== INFORMATION PROVIDED ==
>>>

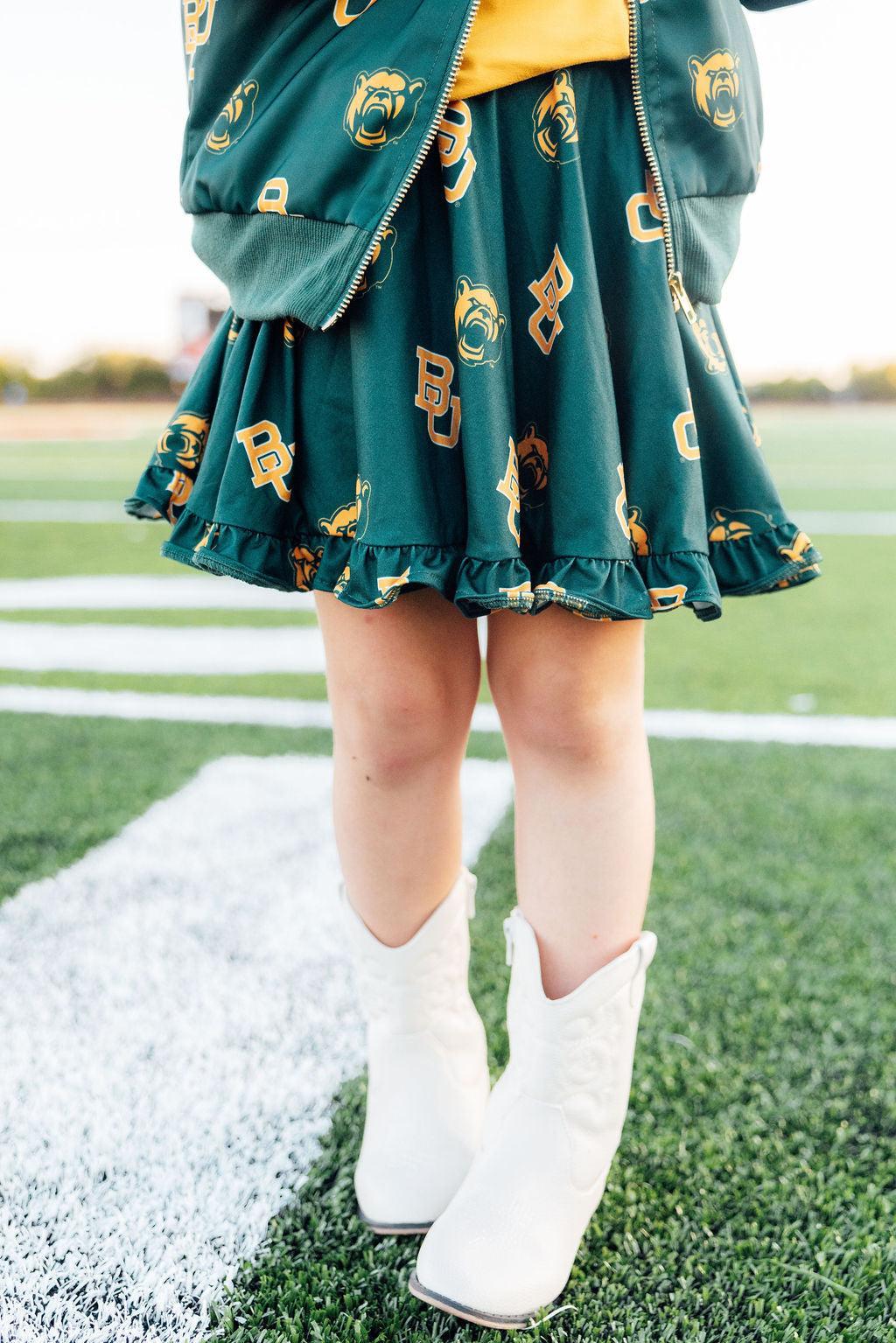 Baylor Green Bear Ruffle Twirl Skort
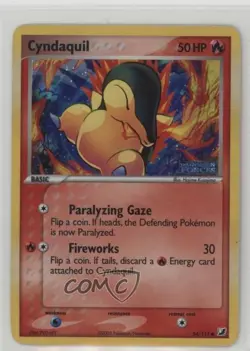 Cyndaquil Reverse Foil Pokemon EX Unseen Forces #54 2005 - Image 1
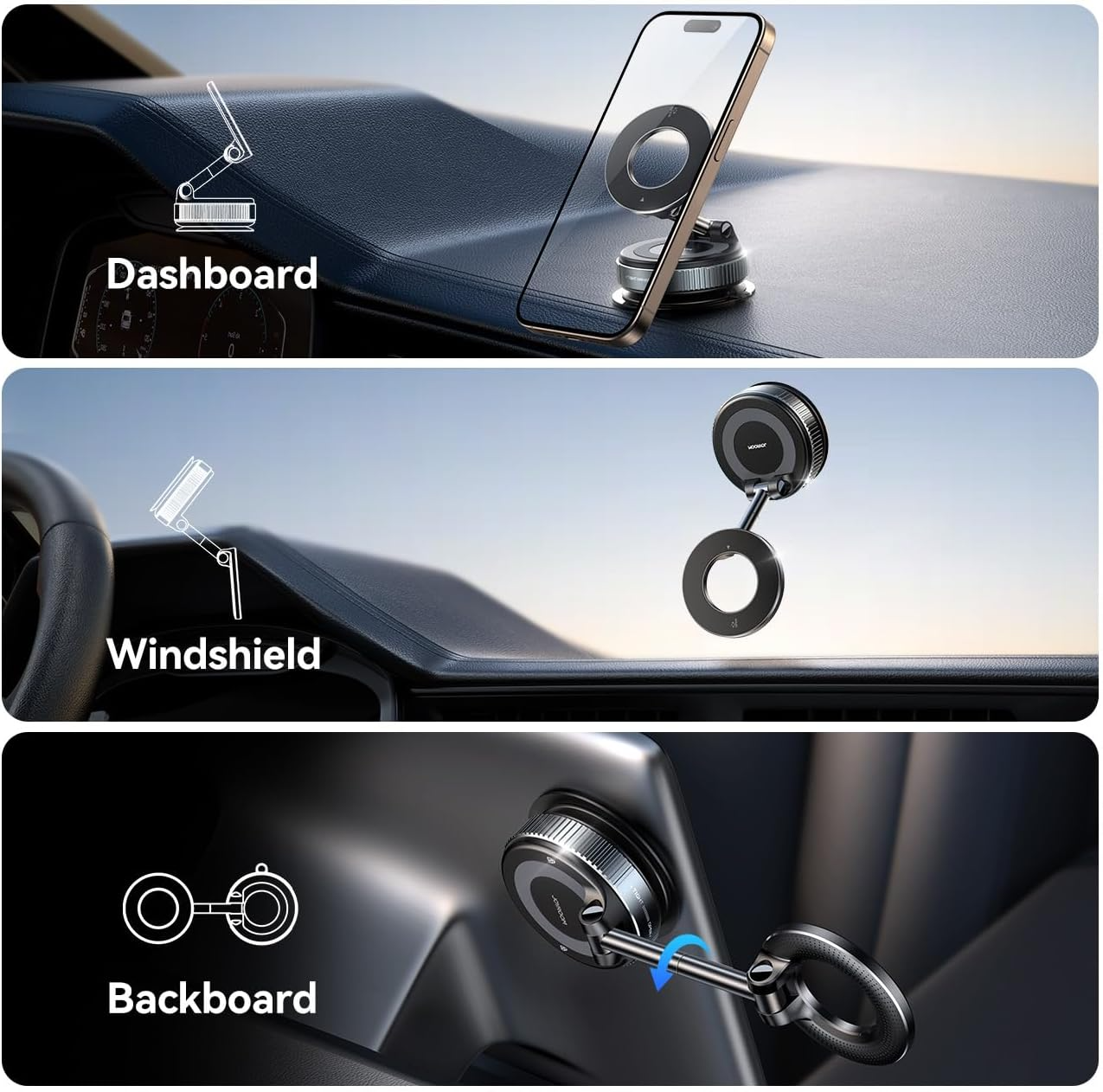 Holder360° MagneticMount 1+1 GRATIS: Roterbar Sammenleggbar Justerbar Universell Magnetisk Telefonholder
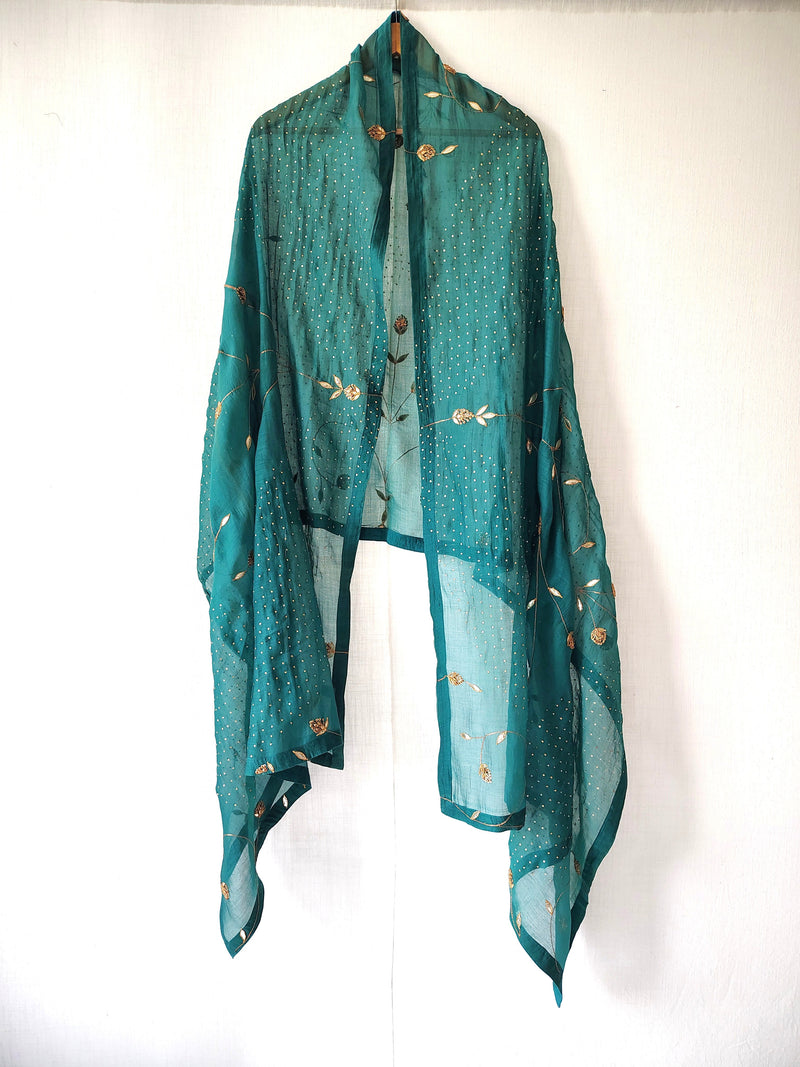 Green Gota Patti Sequins Hand Embroidered Festive Dupatta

<<<

== EXERCISE DESCRIPTION ==
Word for word, output the whole listing, but not its pictures.

== ANSWER TO THE PROBLEM ==
 Baylor Green Bear Ruffle Twirl Skort
 Cyndaquil Reverse Foil Pokemon EX Unseen Forces #54 2005 - Image 1
 Holder360° MagneticMount 1+1 GRATIS: Roterbar Sammenleggbar Justerbar Universell Magnetisk Telefonholder
 Green Gota Patti Sequins Hand Embroidered Festive Dupatta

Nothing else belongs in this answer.